Task item:
Leave out the pictures and set down the rest of the listing below word for word.

---------- Available data

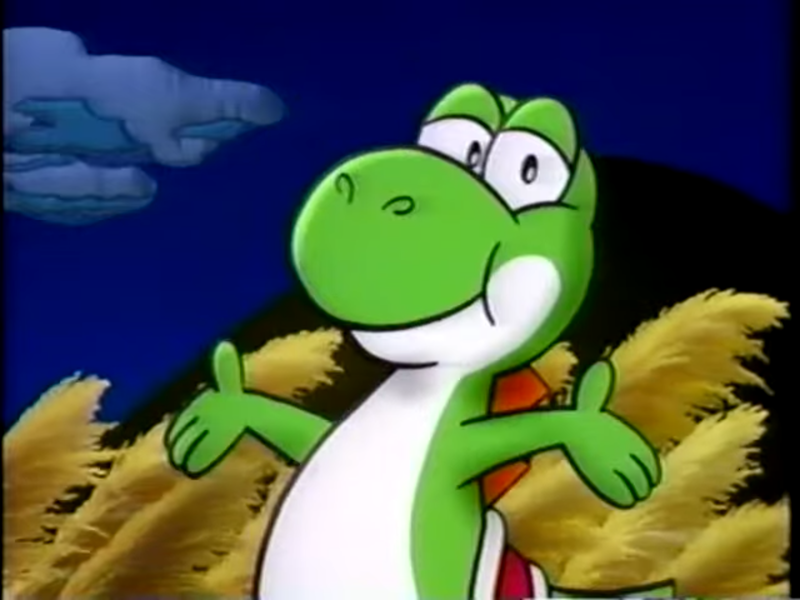 File:YoshisCookieJPPromo.png
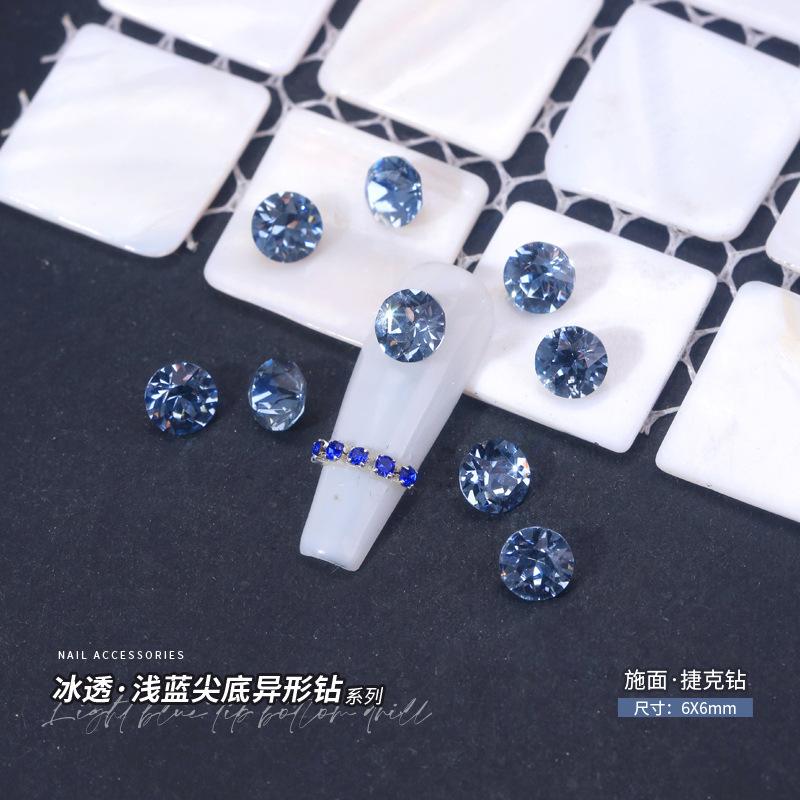 [施面·捷克钻]6x6mm.jpg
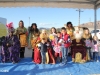 Cabalgata_Reyes_Orilla_Azarbe039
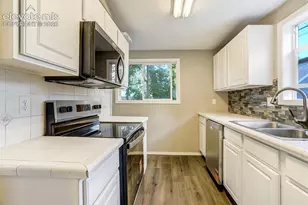 1018 W Colorado Ave, Colorado Springs, CO 80904 - Photo 18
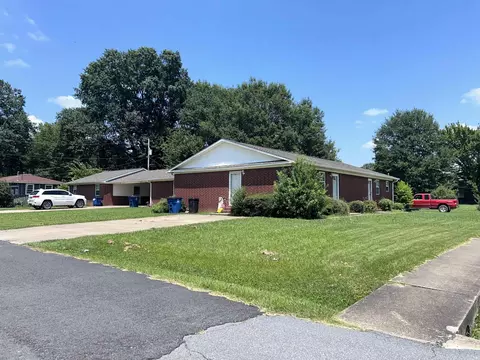 500 N Elm, Beebe, AR 72012 photo 4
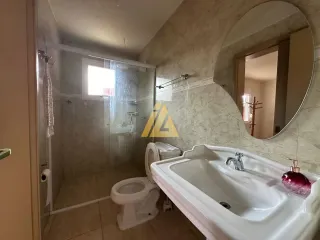 Casa com 2 dormitórios, foto 22
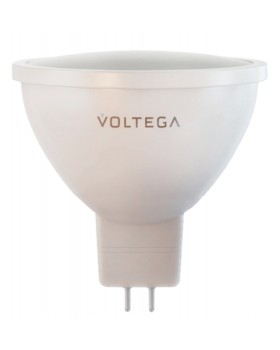 Светодиодная лампа Voltega 7174-foto2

--------------------

Task output:
 File:YoshisCookieJPPromo.png
 [施面·捷克钻]6x6mm.jpg
 Cabalgata_Reyes_Orilla_Azarbe039
 1018 W Colorado Ave, Colorado Springs, CO 80904 - Photo 18
 500 N Elm, Beebe, AR 72012 photo 4
 Casa com 2 dormitórios, foto 22
 Светодиодная лампа Voltega 7174-foto2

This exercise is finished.